Former Rules of Professional Conduct: Rule 8.1--Bar Admission and Disciplinary Matters
This Rule governed the practice of law in the District of Columbia from January 1, 1991, through January 31, 2007. As of February 1, 2007, the Amended Rules took effect.
An applicant for admission to the Bar, or a lawyer in connection with a Bar admission application or in connection with a disciplinary matter, shall not:
(a) Knowingly make a false statement of material fact; or
(b) Fail to disclose a fact necessary to correct a misapprehension known by the lawyer or applicant to have arisen in the matter, or knowingly fail to respond reasonably to a lawful demand for information from an admissions or disciplinary authority, except that this Rule does not require disclosure of information otherwise protected by Rule 1.6.
 The duty imposed by this Rule extends to persons seeking admission to the Bar as well as to lawyers. Hence, if a person makes a material false statement in connection with an application for admission, it may be the basis for subsequent disciplinary action if the person is admitted, and in any event may be relevant in a subsequent admission application. The duty imposed by this Rule applies to a lawyer’s own admission or discipline as well as that of others. Thus, it is a separate professional offense for a lawyer knowingly to make a misrepresentation or omission in connection with a disciplinary investigation of the lawyer’s own conduct. This Rule also requires affirmative clarification of any misunderstanding on the part of the admissions or disciplinary authority of which the person involved becomes aware.
 This Rule is subject to the provisions of the Fifth Amendment of the United States Constitution and corresponding provisions of state constitutions.

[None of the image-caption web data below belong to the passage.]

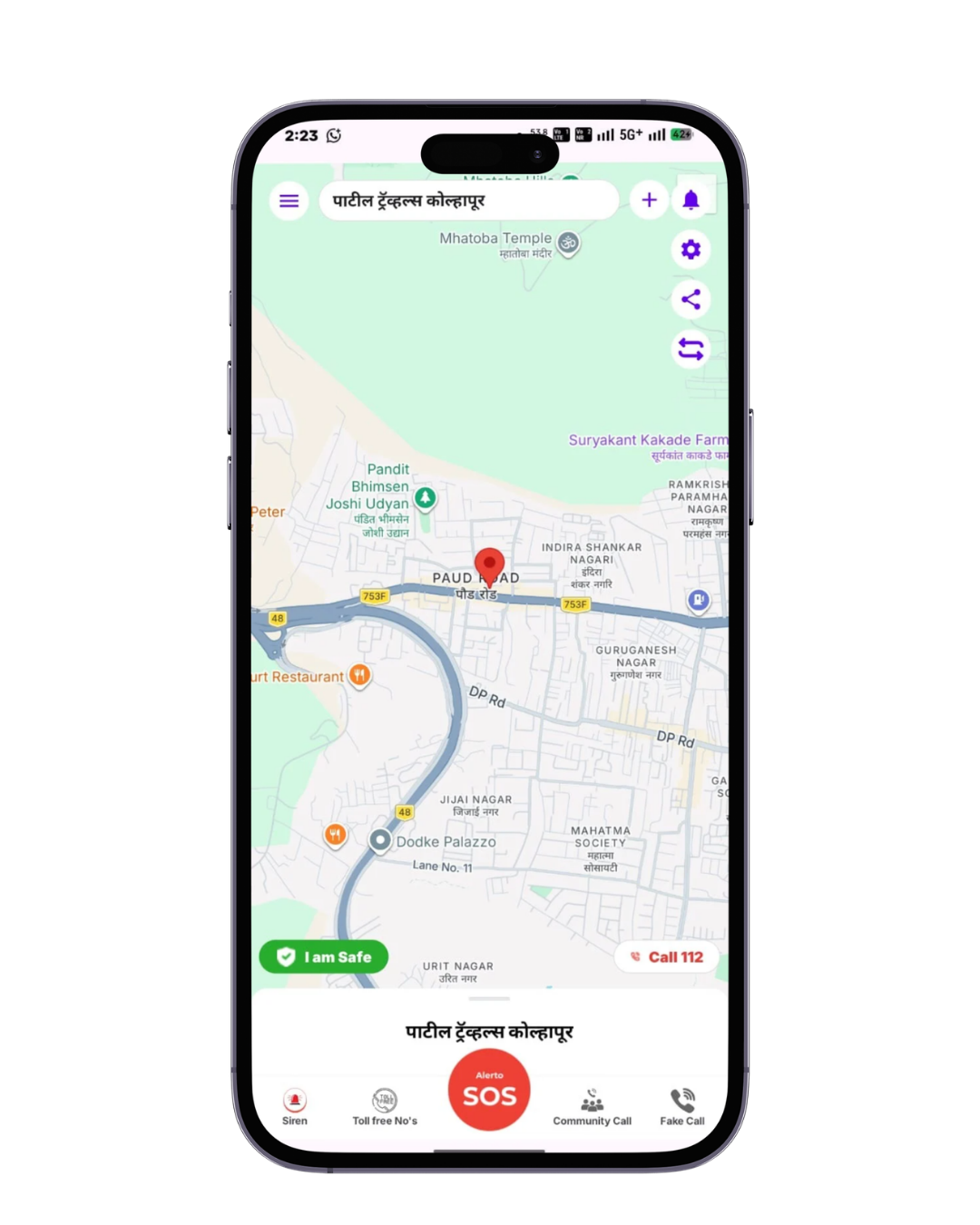 Travel safety app showing live location map with GPS tracking for group travel safety and emergency alerts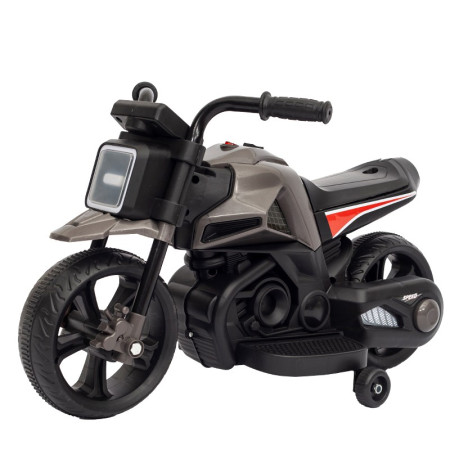 Motocicleta Electrica cu 2 Roti Mari si 2 Roti Ajutatoare, Flippy, Acumulator Incarcare, Anti-Rasturnare, Lumini, Muzica, Motor:380, Baterie 6V4.5, 41.5x70x34 cm, 4.5 Kg, 3 Ani+, Gri Negru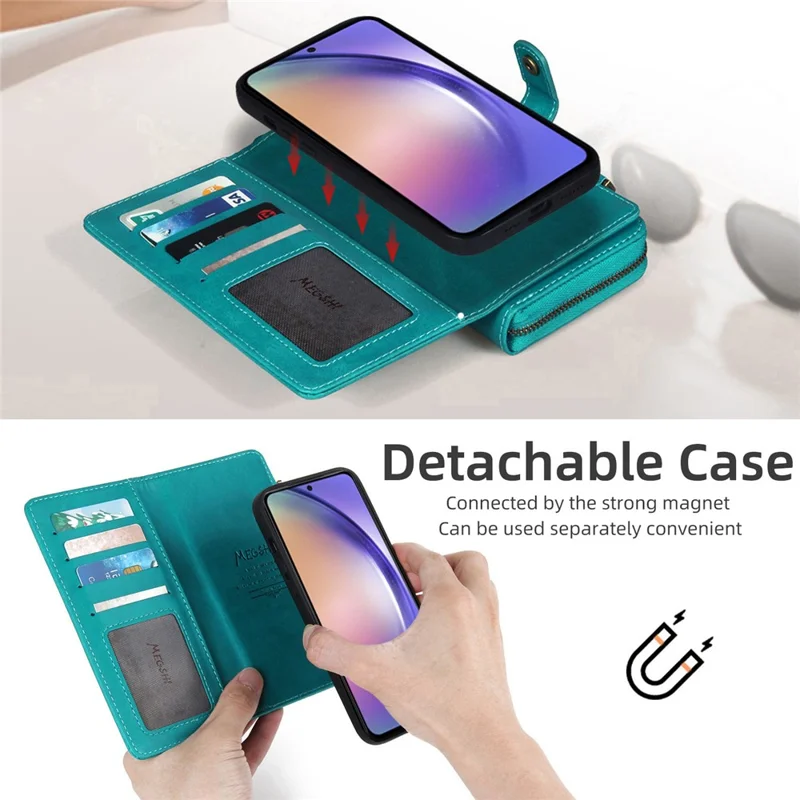 MEGSHI 020 Series for Samsung Galaxy A54 5G Detachable 2-in-1 Phone Wallet Case PU Leather Stand Multi-Function Cover - Blue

A person relying on such a provision in response to a question, however, should do so openly and not use the right of nondisclosure as a justification for failure to comply with this Rule.
 A lawyer representing an applicant for admission to the Bar, or representing a lawyer who is the subject of a disciplinary inquiry or proceeding, is governed by the Rules applicable to the client-lawyer relationship. For example, Rule 1.6 may prohibit disclosures, which would otherwise be required, by a lawyer serving in such representative capacity.